Yesterday my friend, the historian and collector Deepak Rao, took me for what he excitedly described as a “peep show” in the corridors of the Bombay Municipal Corporation, which are lined with glass-faced cupboards containing a veritable treasure trove of municipal archives. Deepak is the only person I know who will compare the delight of visiting a rare archive to the pleasures of a brothel. And his “peep show” was indeed titillating. Everything from the proceedings of the Corporation House, to the departmental files of the Education, Sanitation, Improvements and Standing Committee are carefully stored in bound volumes which are seemingly catalogued according to an internal file keeping system, going back to the 1880s (!). Today I again returned to the corridors of the Municipal Corporation, this time to the Estates and Land Management Department at Manish Market. I gazed longingly at the files stacked next to the desk where I was sitting, each of which contain the files for individual plots in the old Scheme no.5 of the Bombay Improvement Trust, the neighbourhoods of Dadar and Matunga. While I am scheming to get access to the records in the main office I saw in the glass cupboards today, the hope of accessing these mountains of detailed files for research is a distant dream. The builders would sooner burn the place down.

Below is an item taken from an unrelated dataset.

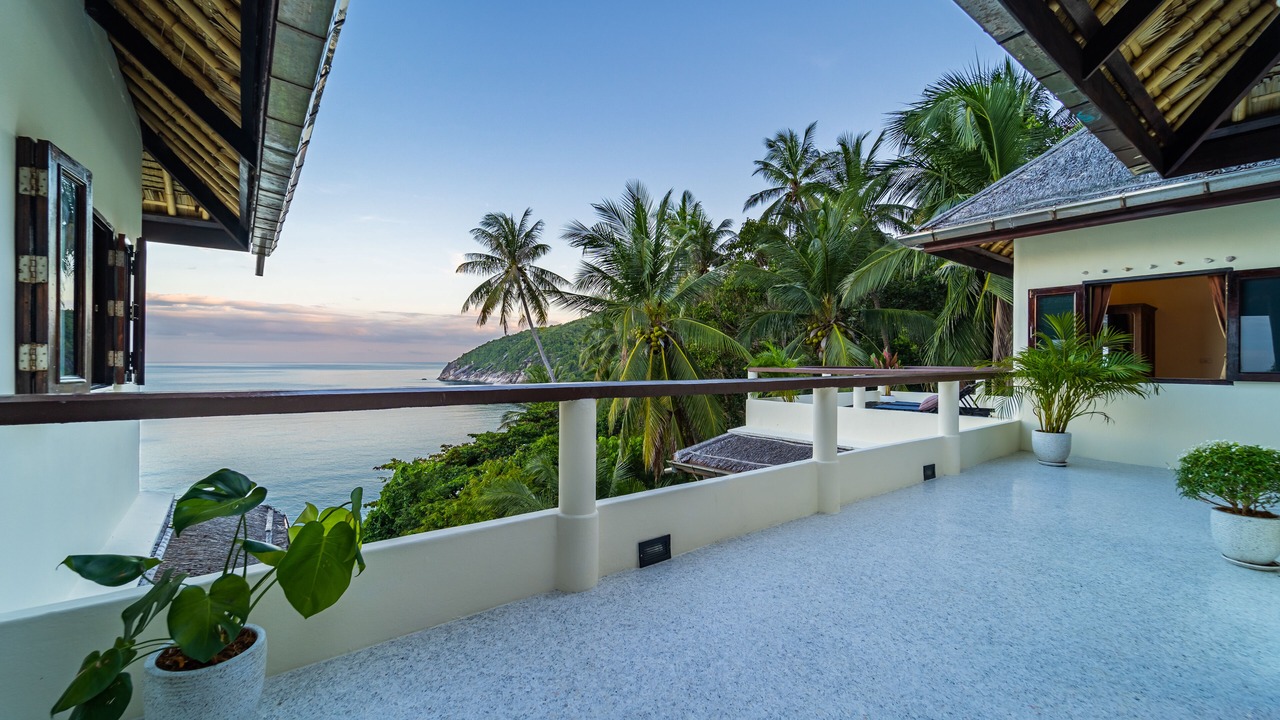 Photo of Others in Baan Tai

Visiting the Municipal Corporation
Expanding the Franchise
A friend from Pune, Dnyanada, while visiting today reminded me that there are two types of scholars — those who are studious, and those who are creative. And historians, in most cases, must value the former as much, if not more, than the latter. For while there is no denying the labour of creativity involved in the act of interpretation, for under-investigated areas such as the urban history of modern India, give me a studious archive rat any day. The recently deceased Raj Chandavarkar always insisted, often polemically, that the most basic questions about urban history, such as about party politics in the Bombay Municipal Corporation, have still not been written about in any serious way, and the new research interest in cities will prove ephemeral without a solid empirical focus. Indeed a basic political history of the municipal corporation is waiting to be written, and the primary materials for this task can, I am confident, be found in the Maharashtra State Archives.

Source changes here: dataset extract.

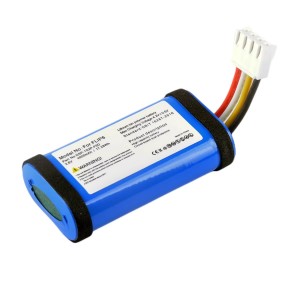 ПАРТСОКЕЙ - много всего для ноутбуков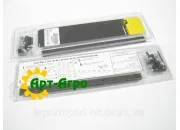 AH202442 Ремонтний комплект коси John Deere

While sitting there yesterday, I happened upon a reference to a compilation of files from 1920-24 on “the reconstitution of the BMC on a more democratic basis” containing a fascinating debate around the extension of the municipal franchise following the constitutional reforms of 1919. Government sought an expansion in the franchise for municipal elections, which until 1920 was based on an electorate restricted to rate payers, who numbered no more than 12,000 in the entire City of Bombay. While the directive was to seek an expansion to between 50,000 to 60,000 voters for the reconstituted corporation, a debate ensued between British civil servants, and corporators and civic representatives, and nationalist reformers on the principle of the franchise. This was to be changed from a basis in “rate-payers” to “rent-payers”, the question arising as to the minimum rent paid which would qualify someone for the vote in Bombay City. Various statistical distributions of the rent-paying populations of each ward in the city were presented in the debate as to whether to fix the minimum from between Rs 10 to Rs 25.

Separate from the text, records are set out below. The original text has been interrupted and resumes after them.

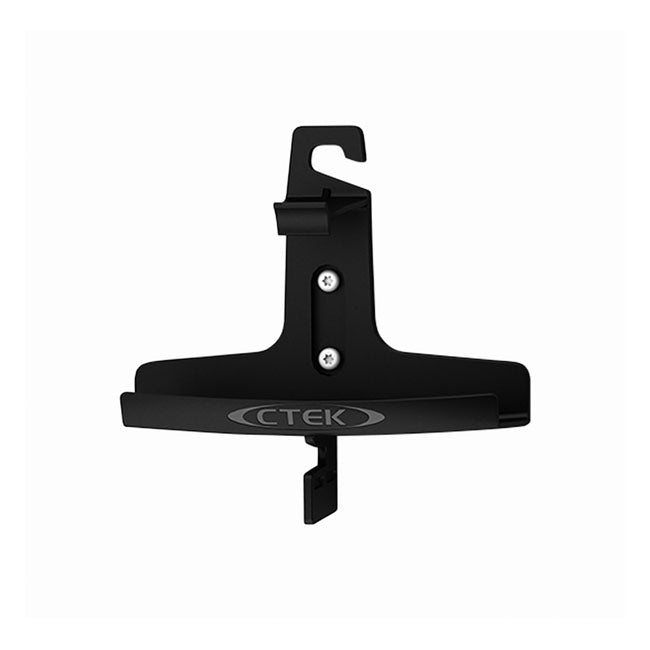 CTEK, CT5 Battery Charger Mounting Bracket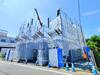 平和台駅より徒歩4分 1階 新築の賃貸物件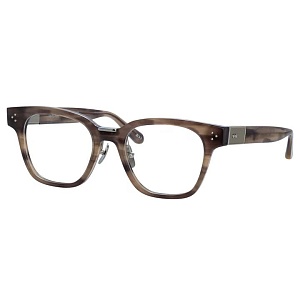 Медицинские оправы Linda Farrow Luxe LF-81A C03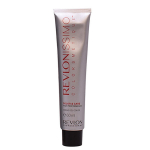 Plaukų dažai Revlonissimo colorsmetique 5 12, 60 ml, 60 ml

As I remarked to Nikhil, who initially got me thinking about municipal elections, this was the first time I had seen a real breakdown of ward-wise rates of rent in this period. This is where the debate also turned communal, as the question of reserved electorates for minorities such as Parsis, Mohammedans, Christians and others were mooted along with the new principles of expanding the franchise on the basis of rents, and increasing the number of seats in the Corporation. It seems from the correspondence between the Indian members of the Municipal Corporation and the British officials deliberating the new principles of enfranchisement that the former were concerned with the dilution in the influence of Parsi community, whom Ibrahim Rahimtoola hailed as having shouldered the great burden of local self-government (and who must have also represented a significant number of the rate payers in the old franchise). Nonetheless they rejected the idea of communal electorates as divisive and unnecessary to secure minority interests, which they still claimed would be best managed by a propertied elite. Some British officials strongly remarked that Government should not stick too closely to the “class of landlords” who on the one hand directed civic affairs and on the other hand abetted in the creation of slum areas, the single biggest problem of colonial administration in Bombay at this time. The expansion of the franchise based on rent payers was eventually accepted with some amendments, and instituted in 1923.